Kelly Rideout’s daughter Alyssa spent her 11th birthday recently at Five Corners in Chilliwack demanding justice for her mother who is missing, presumed dead, and last seen seven years ago.
Alyssa Stamper was with her father Duane, stepmother Kylee, and dozens of others who have been affected by disappearances, homicides and even overdoses. The group of approximately 30 people held a vigil on Sept. 15 near the courthouse after walking the stretch of downtown along Yale Road from Williams.
Alyssa held a sign with a photo of her mother and the words, “Kelly Rideout – RIP Mommy.”
It also listed Rideout’s birthday as Sept. 23, 1976 and the words: “Remember the good not bad memories.”
Friends and family have been looking for Rideout’s remains for years, specifically looking around a local motel where she was last seen on July 10, 2011.
And Rideout’s disappearance was just one of the many stories of heartbreak the group focused on at the Sept. 15 rally.
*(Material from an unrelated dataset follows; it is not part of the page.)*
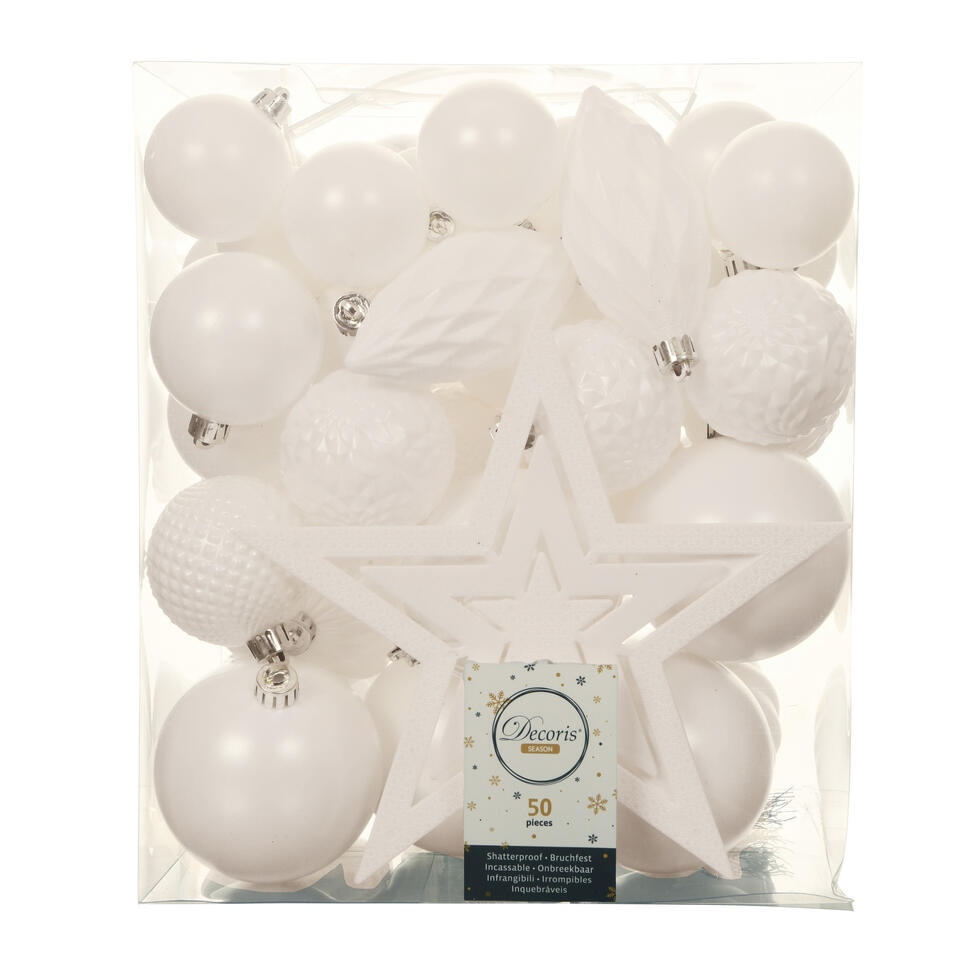 Decoris Kerstballen met piek – 49st – kunststof – wit – 5-6-8-10 cm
While the message of those who marched and held a vigil is somewhat mixed – conflating unrelated homicide victims in recent years with various cases of missing individuals all together with those victims of the current opioid crisis – clearly their heart is in the right place.
The group plans a similar march and vigil in Hope for this Saturday, Oct. 6 at 7 p.m. on Wallace Street.
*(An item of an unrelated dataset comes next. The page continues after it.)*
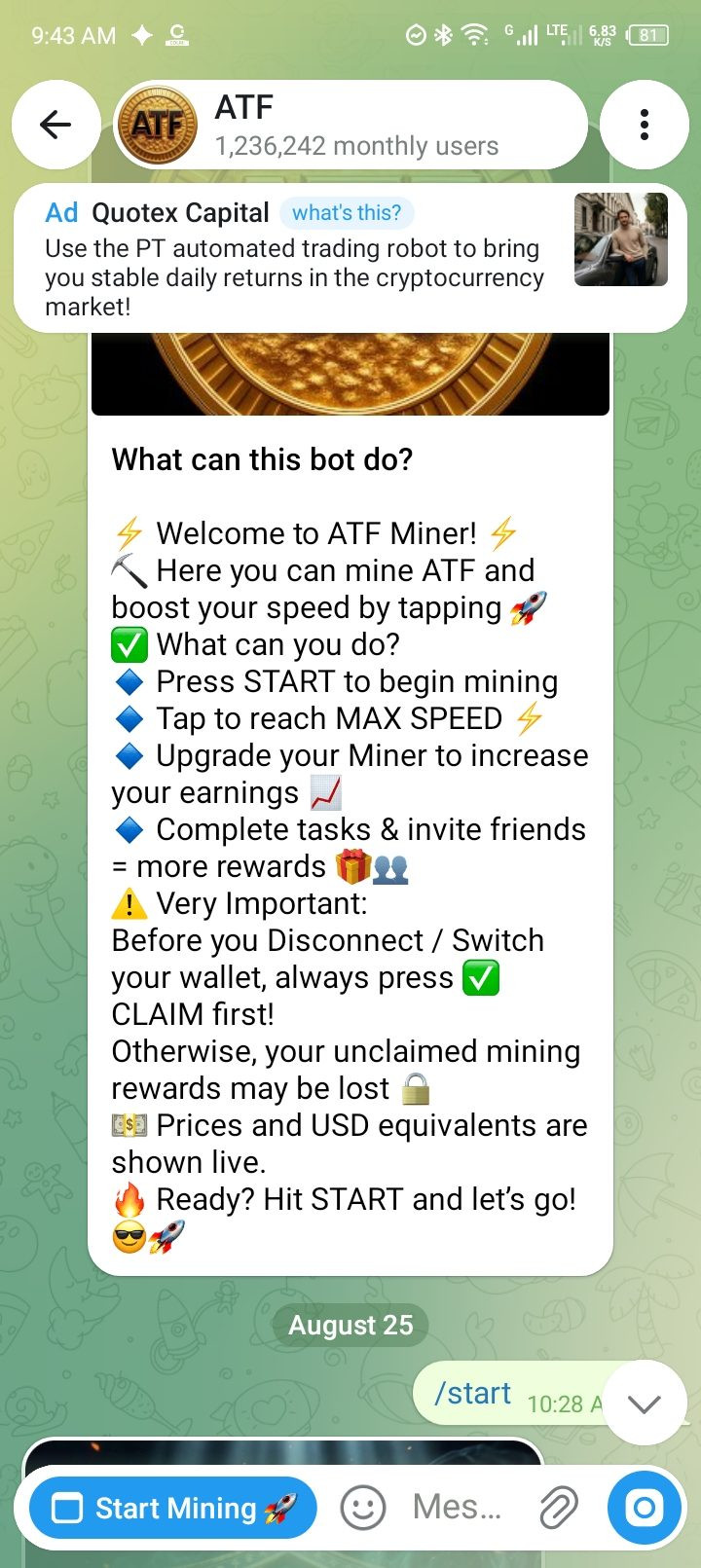 ATF Airdrop bot chat on Telegram with Start Mining button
Signs some people held included names such as Tyler Belcourt who was killed by Aaron Douglas on Aug. 7, 2014.
Then there was Zach Cross, killed in a house on Wellington on June 7 this year.
A handful of the dozens of names listed who have been reported on over the years: Doug Presseau, Stuart Ellis, Richard Blackmon, Deano Paus, Joanne Pederson, Shawnee Inyallie.
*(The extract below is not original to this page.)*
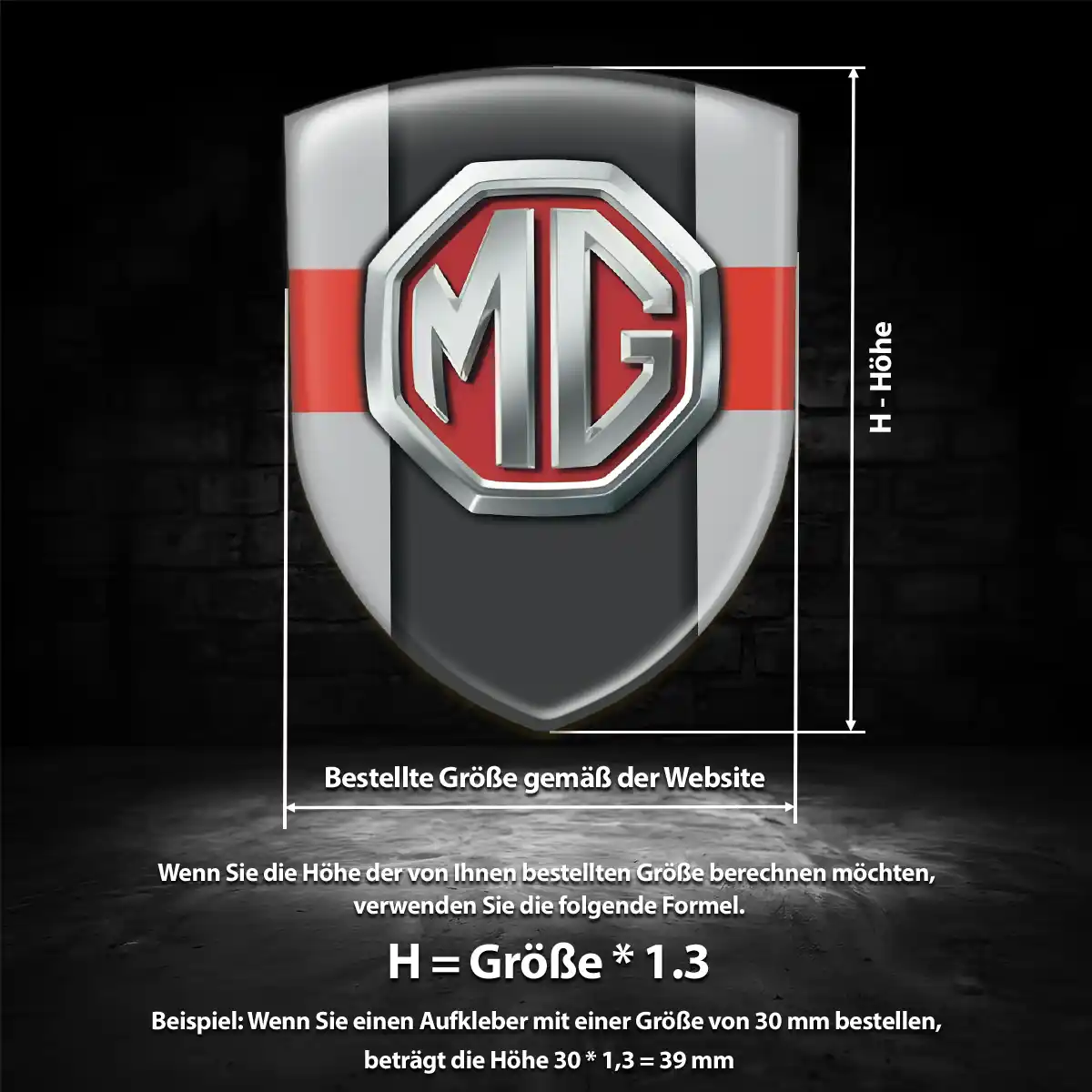 MG 3D Gel Aufkleber Wappen Auto Interieurdesign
“This is just about the epidemic that is going on in our little town,” Kylee Stamper said before the vigil in Chilliwack.
“I know that there are a lot more people affected by this that I can even reach. A lot of the public doesn’t even know that it is this huge of a number. They are not aware of what is going on in the streets right now. Some people say, it’s just working girls. Well it’s not.”
Formerly homeless herself, mayoral candidate Brigida Crosbie was involved with the vigil and has been speaking about issues facing those on the streets, particularly women, for some time.
“My heart goes out to each and every one of you,” she said, in part, reading a prepared statement to the group. “We’ve been on the streets, we know what is happening out there.”
Crosbie added that she was amazed to hear how many people allegedly know details about what happened to Rideout yet haven’t spoken to police.
“This movement today is to help us all connect with one another in a meaningful way.”